Earnings: BT Profit Tanks, IPTV Subs Go Slow, Broadband Keeps Growing

BT’s profit of £113 million in the last quarter of 2008 is a whopping 81 percent down on the year before despite five percent better revenue of £5.43 billion. But it’s not thanks to its consumer-facing broadband, telco and IPTV business – blame its ailing overseas corporate networks division, which scored a £336 million one-off charge, already announced last month, after a structural review…

IPTV: BT (NYSE: BT) Vision is now up to 398,000 customers, up from what CEO Dan Marks said early this year was 350,000, conceding this was “not that many customers”. The company targets two to three million subscribers between now and 2012 – with this slow growth, it’s looking like the latter.

Broadband: BT made nine percent more money from its ISP business, adding 83,000 customers to take its total to 4.7 million, still the UK’s biggest ISP with 34 percent of DSL customers. The company trumpeted its wifi proposition, with BT Openzone usage up 13 percent on the previous quarter, partnerships with worldwide telcos taking its hotspots up to 50,000 globally, or 120,000 if you factor in Fon, the people’s wifi network in which it has invested.

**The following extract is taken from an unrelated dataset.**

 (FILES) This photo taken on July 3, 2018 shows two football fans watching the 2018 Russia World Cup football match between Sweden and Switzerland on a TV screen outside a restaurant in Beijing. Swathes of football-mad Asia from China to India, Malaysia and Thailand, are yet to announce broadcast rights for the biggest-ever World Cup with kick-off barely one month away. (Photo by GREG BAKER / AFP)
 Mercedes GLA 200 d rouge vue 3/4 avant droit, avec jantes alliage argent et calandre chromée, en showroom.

Openreach: Profit in the local loop unbundling division increased seven percent to £344 million after it reduced costs. It said five ISPs have signed up to trial BT’s fibre-to-the-cabinet network this summer, with initial speeds up to 40Mbps.

CEO Ian Livingstone: “Three of our businesses performed ahead of expectations in the quarter and the group, excluding global services, delivered the best year on year profit growth for five years.”